Not sure there's much conscience in Banksy making anti-national chauvinist memes whilst not identifying as any sort of nationalist, but there's even less in dismissing all criticisms of one's own society's treatment of, say, women because some other societies treat them worse.
For all that I don't think posturing graffiti artists are the saviours of humanity, it's difficult not to notice that the groups that actually are tackling FGM are practising Muslims and super-liberal NGOs (in that order) and that the people who raise it to deflect from criticisms of their own society are not represented at all in those efforts.
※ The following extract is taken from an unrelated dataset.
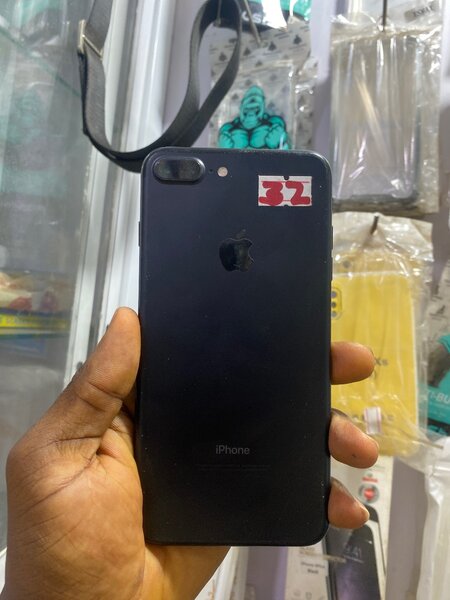 7plus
Or are actively campaigning to get women's escape routes from those countries shut down.
Can't really lecture others on losing their sense of perspective about the magnitude of injustices either when a week ago you were expressing outrage at checks post history creatives depicting certain characters in LOTR as non-white!?!
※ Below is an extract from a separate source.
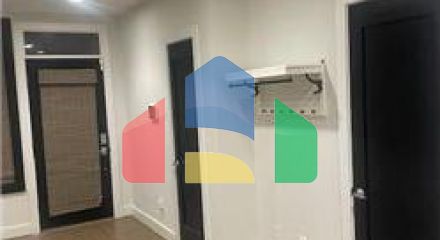 Residential - Condo/Apartment - Washington, District of Columbia, United States - United States Residential - Condo/Apartment - Washington, District of Columbia, United States - United States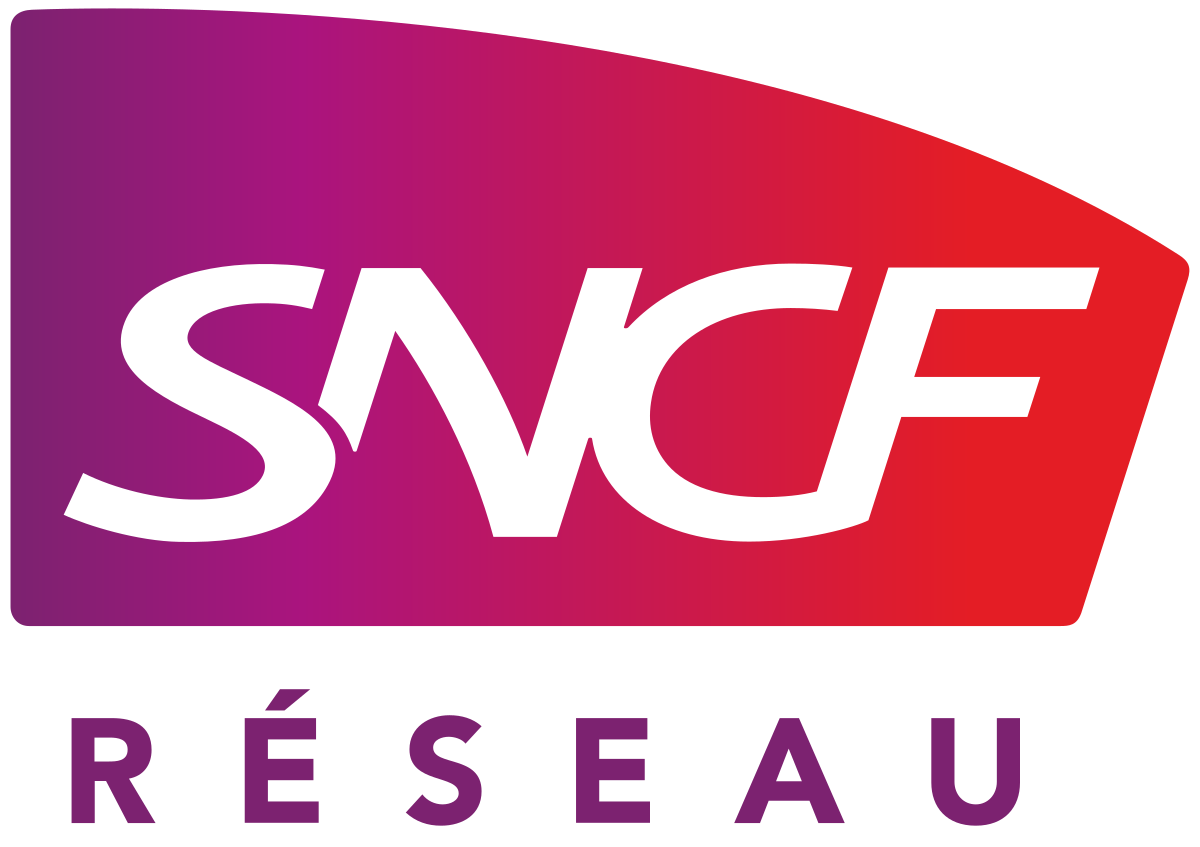 SNCF Réseau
The moral posture you're criticising is not actually a thing, I personally don't know of any Western intellectual who criticises the West but is fine with FGM for example. But it seems that the fault you find in them is that when they criticise the West, for example, they don't also add a list of grievances against all the other countries (but surely they'd have to speak for 10 hours every time they open their mouths?).
It's also funny how you take the 30,000 Iranian civilians killed at face value, but don't talk about the wrongs of the British empire. And you didn't even mention North Korea once. You see the issue with your reqs?
Or maybe, we should look at the problems in our society and try to make it better, instead of just shouting into the void about things we, as nations, can't and wouldn't be and perhaps, shouldn't able to change?
Art will always be about speaking truth to power, and that power will usually be the one closest felt. There's not much value in a swede speaking truth to Nigerian warlords.